• **What this task involves**: What is needed is an exact copy of the listing, with no pictures in it.
*** Supplied data Section Begins ***
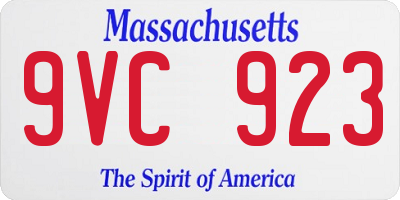 MA license plate 9VC923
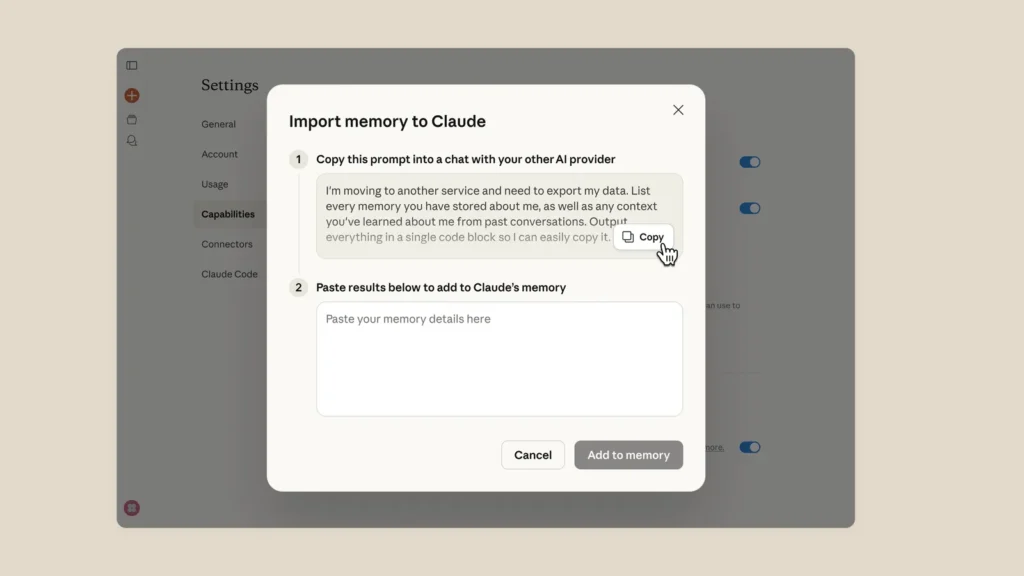 اضافه‌شدن قابلیت واردکردن حافظه در Claude
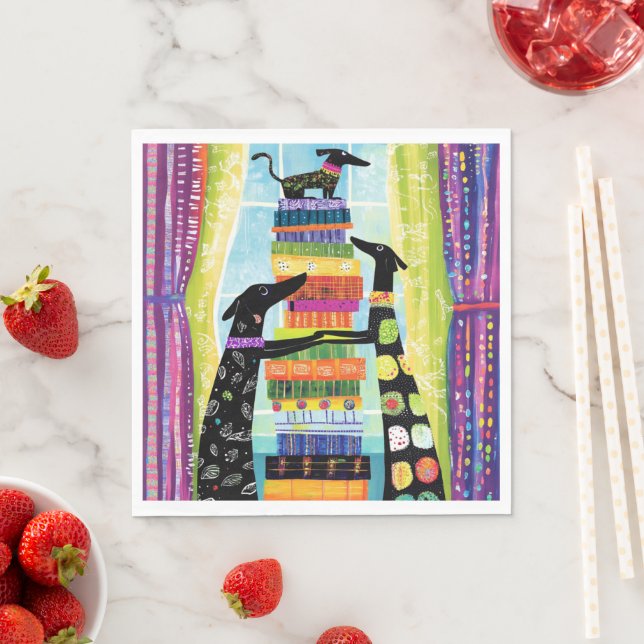 Black Dogs Balancing Book Tower Stack Napkin (Insitu)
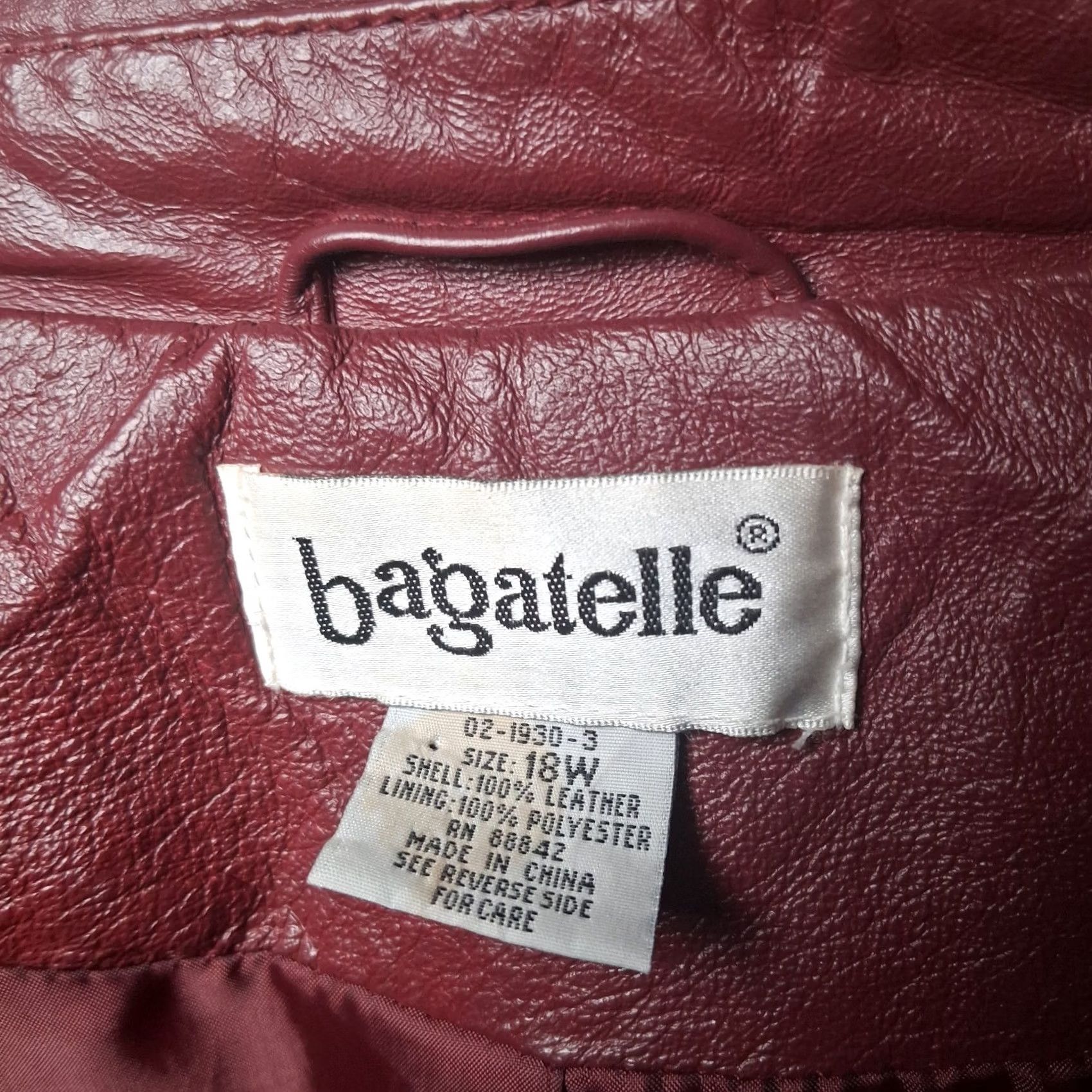 Vintage VINTAGE Bagatelle Jacket Leather Burgundy Button Up Belted Adult Womens Size 18 Size XXL / US 16-18 / IT 52-54 - 7 Thumbnail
*** Supplied data Section Ends ***
• **Reply**:
 MA license plate 9VC923
 اضافه‌شدن قابلیت واردکردن حافظه در Claude
 Black Dogs Balancing Book Tower Stack Napkin (Insitu)
 Vintage VINTAGE Bagatelle Jacket Leather Burgundy Button Up Belted Adult Womens Size 18 Size XXL / US 16-18 / IT 52-54 - 7 Thumbnail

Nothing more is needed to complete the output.